→ Problem details:
Retype every record exactly. Skip the images.
======== Record extracts
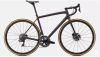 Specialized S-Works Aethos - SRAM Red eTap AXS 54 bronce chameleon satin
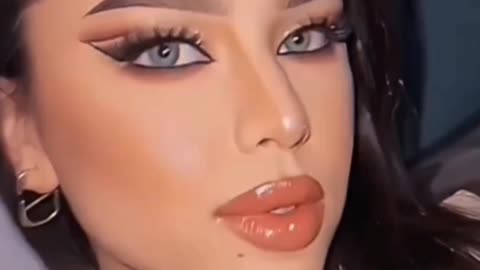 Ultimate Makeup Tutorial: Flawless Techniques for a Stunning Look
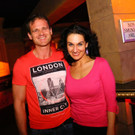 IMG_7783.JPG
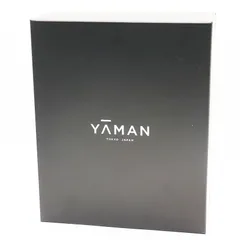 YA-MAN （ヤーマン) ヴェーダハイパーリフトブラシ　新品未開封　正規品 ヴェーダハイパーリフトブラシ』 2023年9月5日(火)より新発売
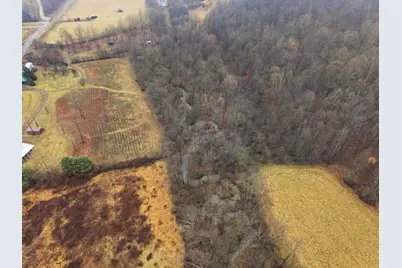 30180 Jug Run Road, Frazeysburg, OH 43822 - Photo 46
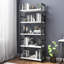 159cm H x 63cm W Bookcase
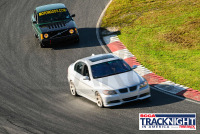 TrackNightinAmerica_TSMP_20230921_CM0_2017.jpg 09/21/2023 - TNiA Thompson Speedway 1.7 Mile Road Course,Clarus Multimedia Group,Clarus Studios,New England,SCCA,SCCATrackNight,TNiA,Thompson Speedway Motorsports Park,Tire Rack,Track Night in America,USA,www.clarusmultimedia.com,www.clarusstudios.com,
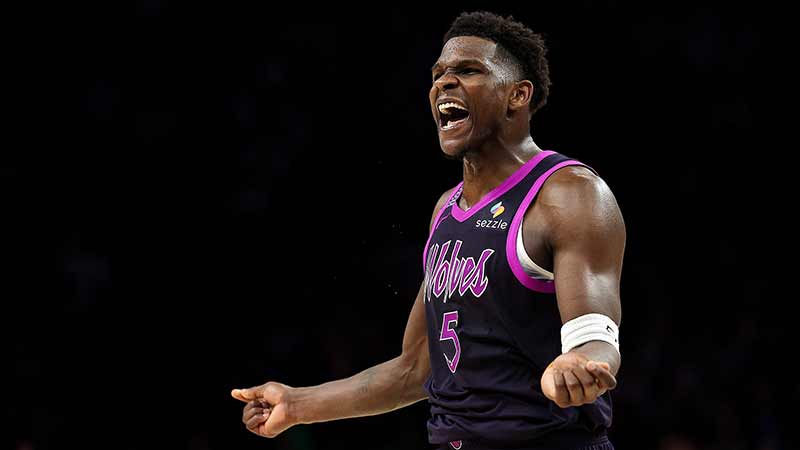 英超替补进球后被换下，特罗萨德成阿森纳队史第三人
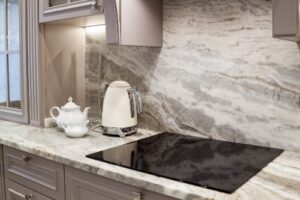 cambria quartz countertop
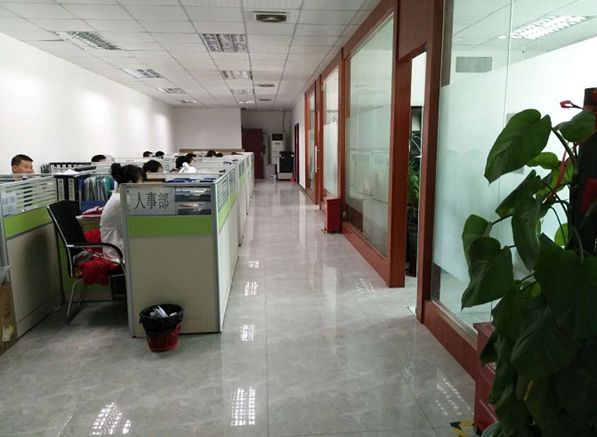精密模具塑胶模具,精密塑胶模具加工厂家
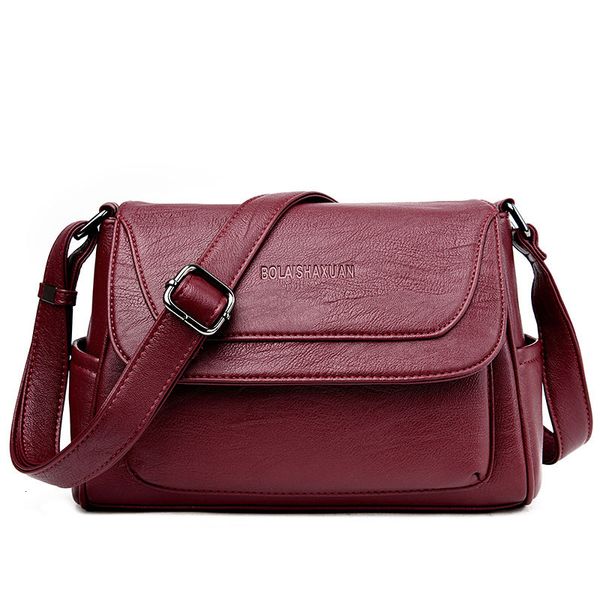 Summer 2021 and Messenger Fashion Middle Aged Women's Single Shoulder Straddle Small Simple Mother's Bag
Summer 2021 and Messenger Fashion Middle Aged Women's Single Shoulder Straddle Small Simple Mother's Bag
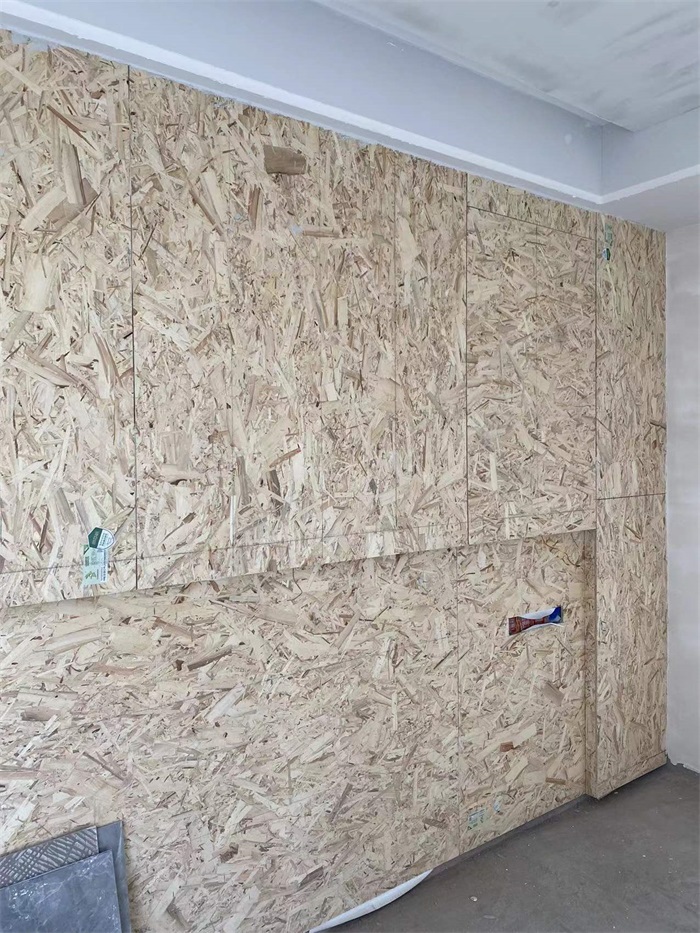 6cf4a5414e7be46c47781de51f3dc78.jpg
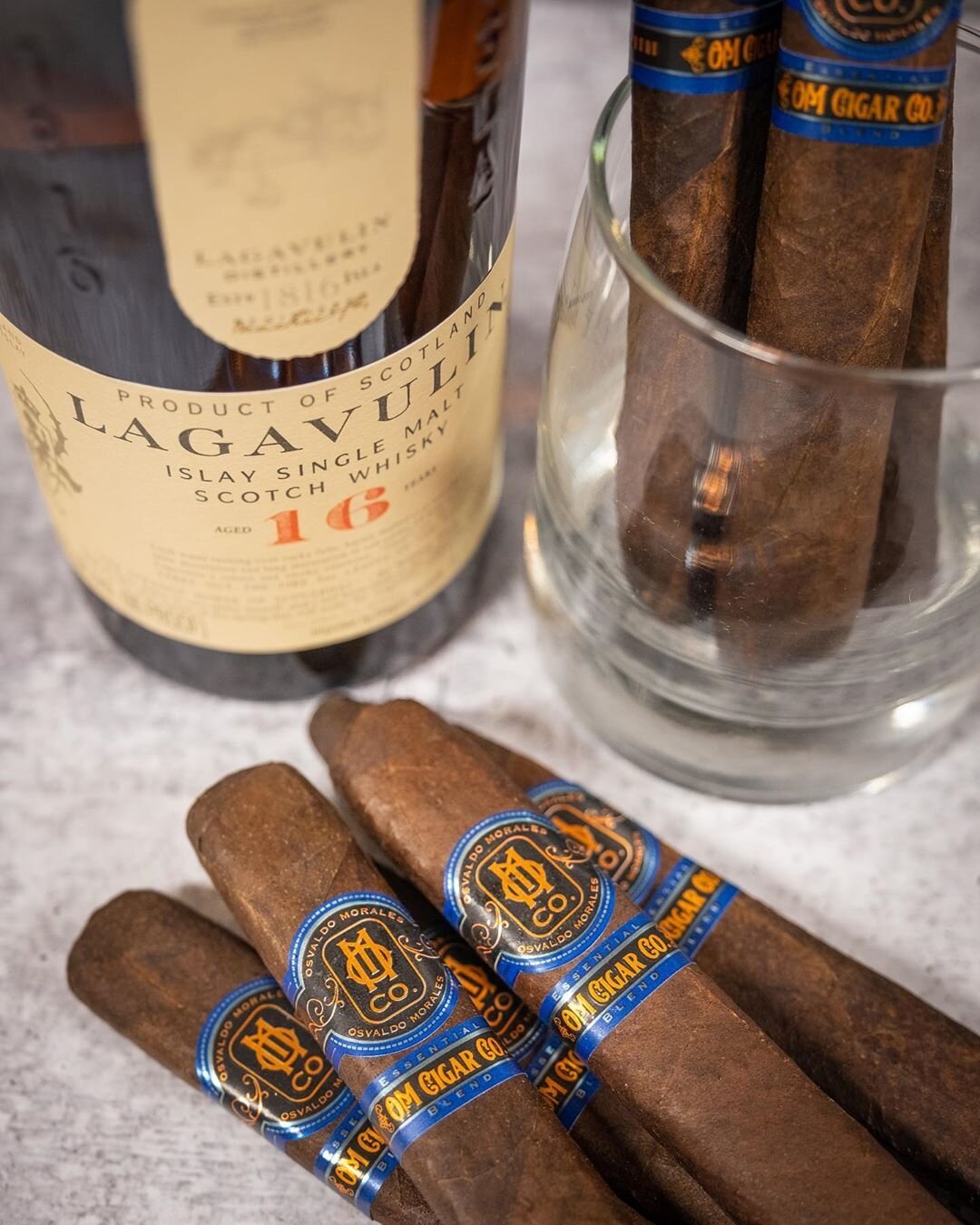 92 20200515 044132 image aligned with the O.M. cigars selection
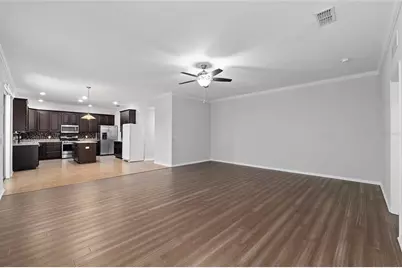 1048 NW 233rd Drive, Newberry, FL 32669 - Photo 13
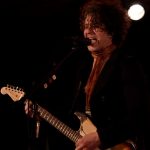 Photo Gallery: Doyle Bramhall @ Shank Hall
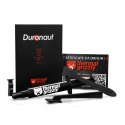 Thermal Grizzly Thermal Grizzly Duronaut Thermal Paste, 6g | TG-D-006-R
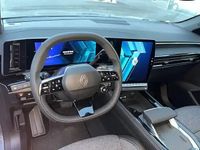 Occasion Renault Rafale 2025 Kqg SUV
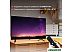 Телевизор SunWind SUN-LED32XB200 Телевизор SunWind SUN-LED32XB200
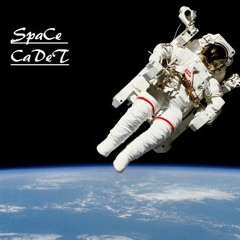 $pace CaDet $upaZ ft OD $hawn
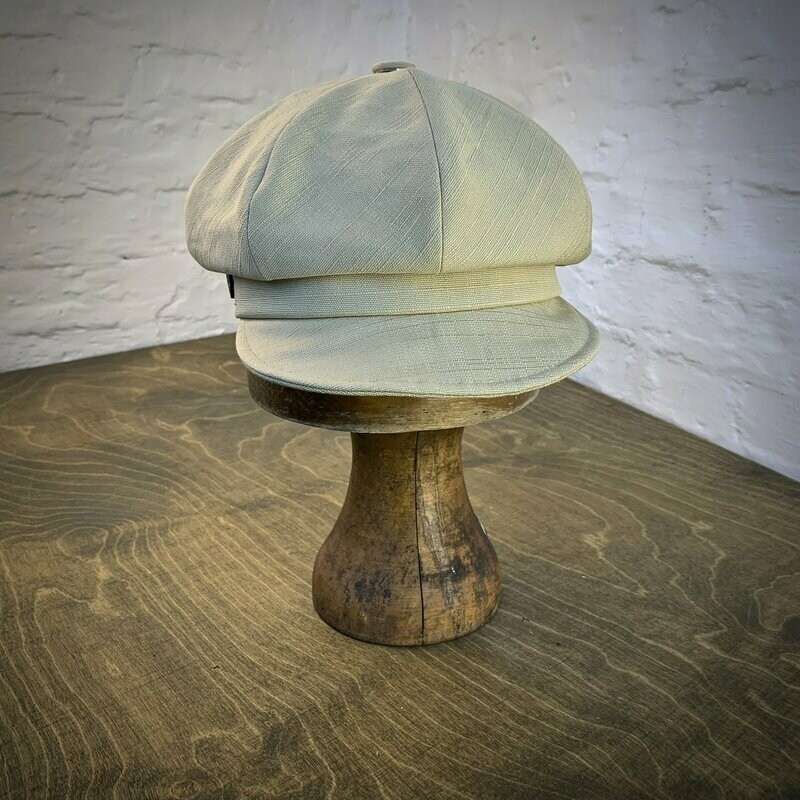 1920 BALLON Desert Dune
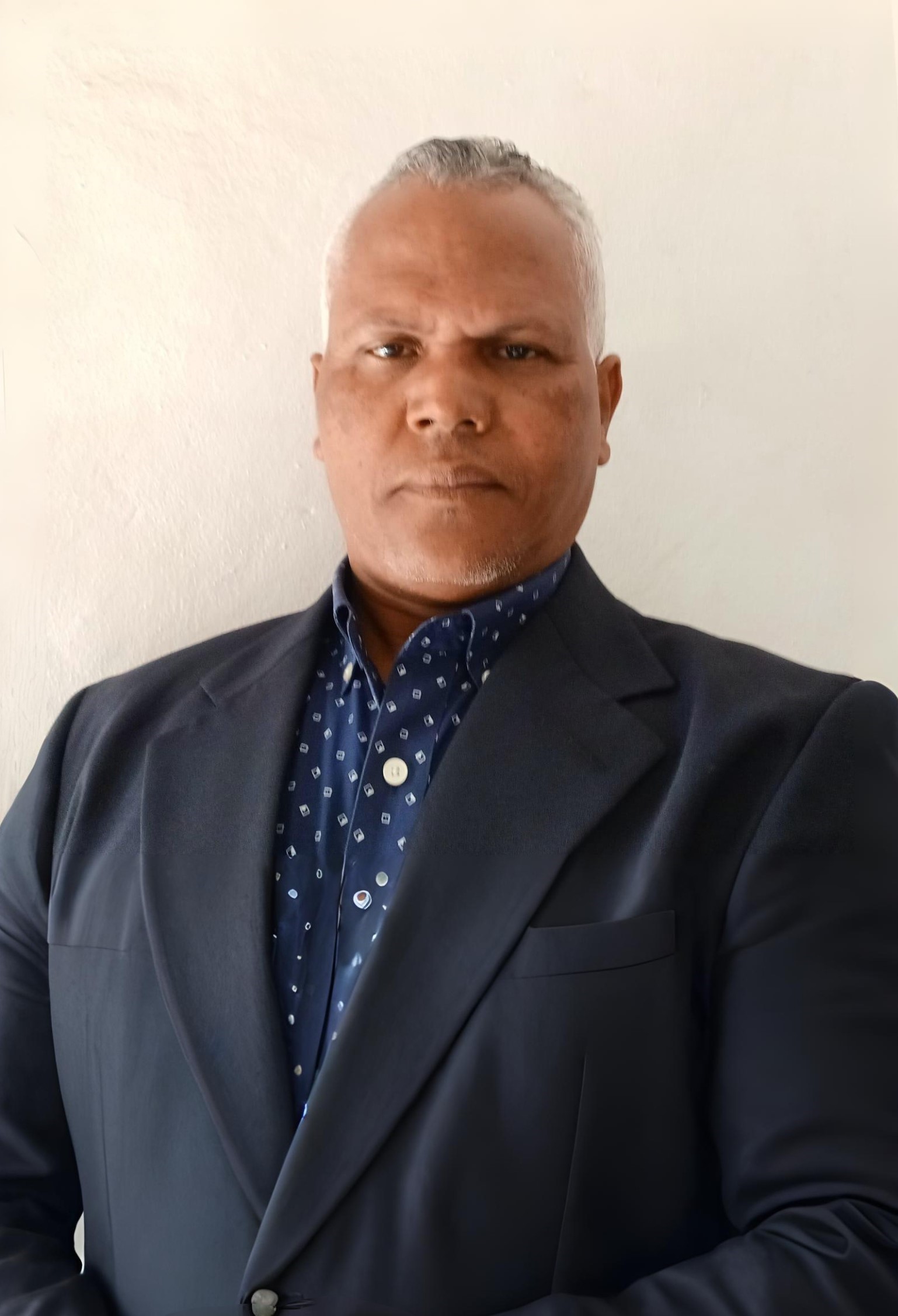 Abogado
================
→ Output below:
 Specialized S-Works Aethos - SRAM Red eTap AXS 54 bronce chameleon satin
 Ultimate Makeup Tutorial: Flawless Techniques for a Stunning Look
 IMG_7783.JPG
 YA-MAN （ヤーマン) ヴェーダハイパーリフトブラシ　新品未開封　正規品 ヴェーダハイパーリフトブラシ』 2023年9月5日(火)より新発売
 30180 Jug Run Road, Frazeysburg, OH 43822 - Photo 46
 159cm H x 63cm W Bookcase
 TrackNightinAmerica_TSMP_20230921_CM0_2017.jpg 09/21/2023 - TNiA Thompson Speedway 1.7 Mile Road Course,Clarus Multimedia Group,Clarus Studios,New England,SCCA,SCCATrackNight,TNiA,Thompson Speedway Motorsports Park,Tire Rack,Track Night in America,USA,www.clarusmultimedia.com,www.clarusstudios.com,
 英超替补进球后被换下，特罗萨德成阿森纳队史第三人
 cambria quartz countertop
精密模具塑胶模具,精密塑胶模具加工厂家
 Summer 2021 and Messenger Fashion Middle Aged Women's Single Shoulder Straddle Small Simple Mother's Bag
Summer 2021 and Messenger Fashion Middle Aged Women's Single Shoulder Straddle Small Simple Mother's Bag
 6cf4a5414e7be46c47781de51f3dc78.jpg
 92 20200515 044132 image aligned with the O.M. cigars selection
 1048 NW 233rd Drive, Newberry, FL 32669 - Photo 13
 Photo Gallery: Doyle Bramhall @ Shank Hall
 Thermal Grizzly Thermal Grizzly Duronaut Thermal Paste, 6g | TG-D-006-R
 Occasion Renault Rafale 2025 Kqg SUV
 Телевизор SunWind SUN-LED32XB200 Телевизор SunWind SUN-LED32XB200
 $pace CaDet $upaZ ft OD $hawn
 1920 BALLON Desert Dune
 Abogado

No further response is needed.